A organização conceitual tem em conta a sistematização e estruturação de um domínio de especialidade, ou seja, essa tarefa pode auxiliar na representação dos conceitos e no estabelecimento de relações entre conceitos e termos, e ainda pode descrever os diferentes usos de uma mesma unidade em diferentes contextos.

Assim, através da sistematização dos conceitos é possível identificar, extrair, manipular, armazenar e recuperar informações em função do estudo que se deseja realizar num dado domínio.

Conforme Bräscher e Café (2008), a organização do conhecimento tem em conta “o processo de modelagem do conhecimento que visa a construção de

representações do conhecimento. Esse processo tem por base a análise do conceito e de suas características para o estabelecimento da posição que cada conceito ocupa num determinado domínio, bem como das suas relações com os demais conceitos que compõem esse sistema nocional.” (Brascher e Café, 2008:8).

A classificação e a ordenação do conhecimento num dado domínio, é uma atividade relativa, subjetiva e arbitrária, considerando que esse trabalho vai ao encontro das necessidades dos integrantes dessa mesma comunidade.

A organização do conhecimento de um domínio de especialidade através de corpora é uma metodologia que privilegia o estudo da variação dos termos, pois os corpora são na sua maioria constituídos por textos que embora focalizem um mesmo “ponto de vista” em relação à descrição e tratamento de um termo, podem apresentar variações de significações para essas unidades.

Segundo Cabré (1993:361) através do texto de especialidade é possível identificar a organização conceitual de um domínio de especialidade e detectar seus nós significativos mais importantes.

Mais tarde, Cabré e Estopà (2002:147) atentam para o fato de que um mesmo conceito pode apresentar distintas facetas num mesmo texto.

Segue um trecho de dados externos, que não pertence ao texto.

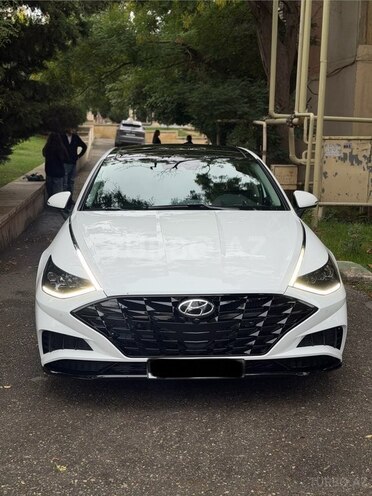 Hyundai Sonata 2021, 40,500 km - 1.6 л - Bakı
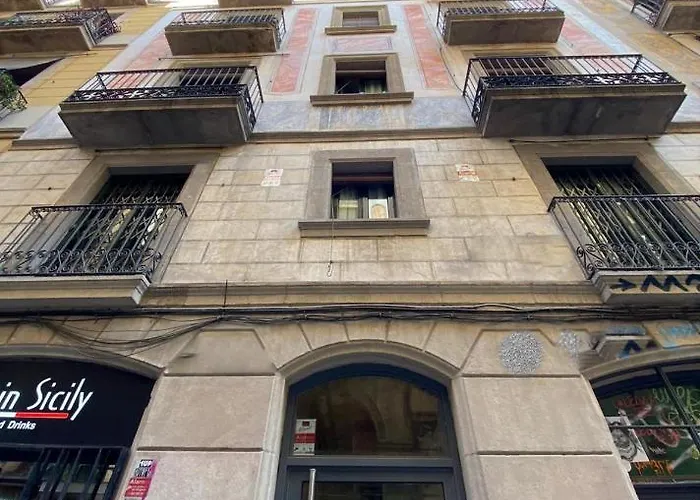 Canela Homes Macba Lägenhet Barcelona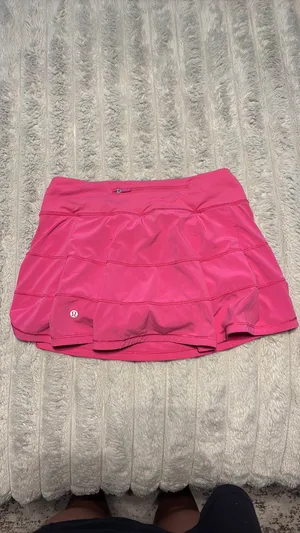 Sonic Pink Lululemon Skirt thumbnail 2
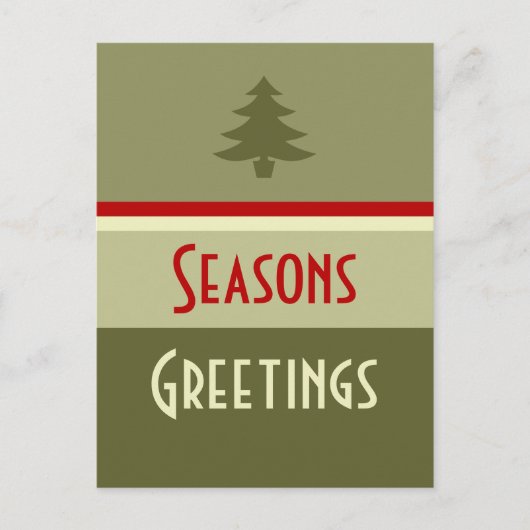 繁栄の休日 シーズンポストカード (正面)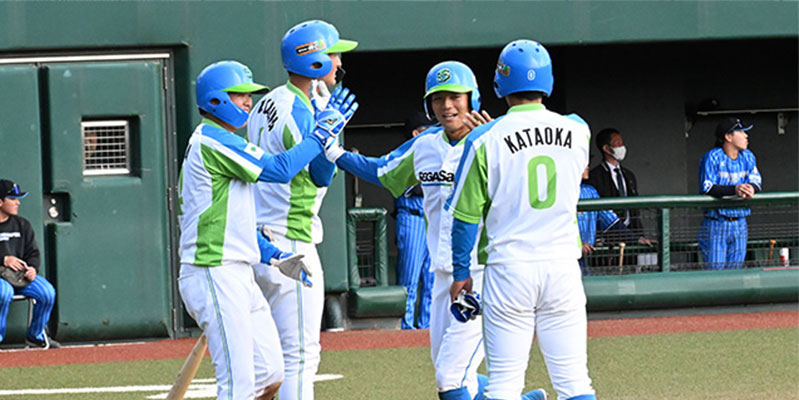 第80回JABA東京スポニチ大会 リーグ戦 vs 日本製紙石巻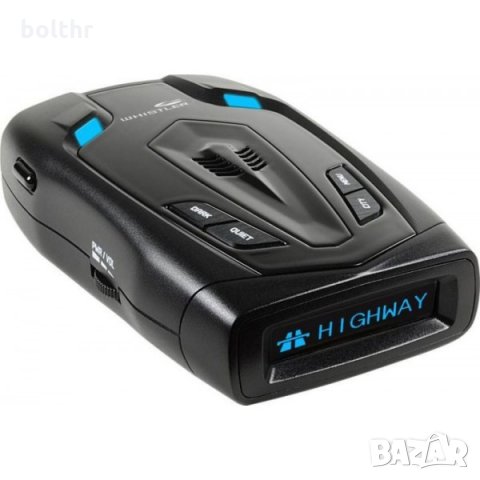 РАДАР ДЕТЕКТОР WHISTLER GT-438Xi , снимка 1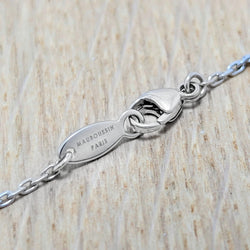 Collier Mauboussin en or blanc et diamant - Castafiore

Por sua vez, Bachimont (2005) destaca que a conceitualização pode ser o resultado de três distintos níveis de trabalho: o linguístico, o semântico e o terminológico. Esse trabalho permite a extração dos conceitos do domínio em questão, a sua definição e a sua articulação, a partir dos textos de especialidade: “La conceptualisation correspond au travail linguistique, sémantique et terminologique permettant d’extraire les concepts du domaine, leur définition et leur articulation, à partir des textes et documents.” (Bachimont, 2005:320).

No âmbito da organização do conhecimento e da conceitualização da realidade científica, é sabido que os especialistas podem apresentar diferentes perspectivas em relação à representação do conhecimento do domínio de especialidade que integram.

Assim, tendo em conta as diversas maneiras de representar uma mesma realidade, por que não considerar a polissemia um fenômeno real de ocorrência na

representação do conhecimento? Afinal, a sua sistematização pode permitir uma maior eficácia para o tratamento do domínio especializado.

Nesse sentido, tanto a sistematização quanto a organização são processos que podem contemplar e favorecer a veiculação e disponibilização de maneira precisa e objetiva as informações que resultam de um processo polissêmico que, por sua vez, pode ocorrer num eixo diacrônico.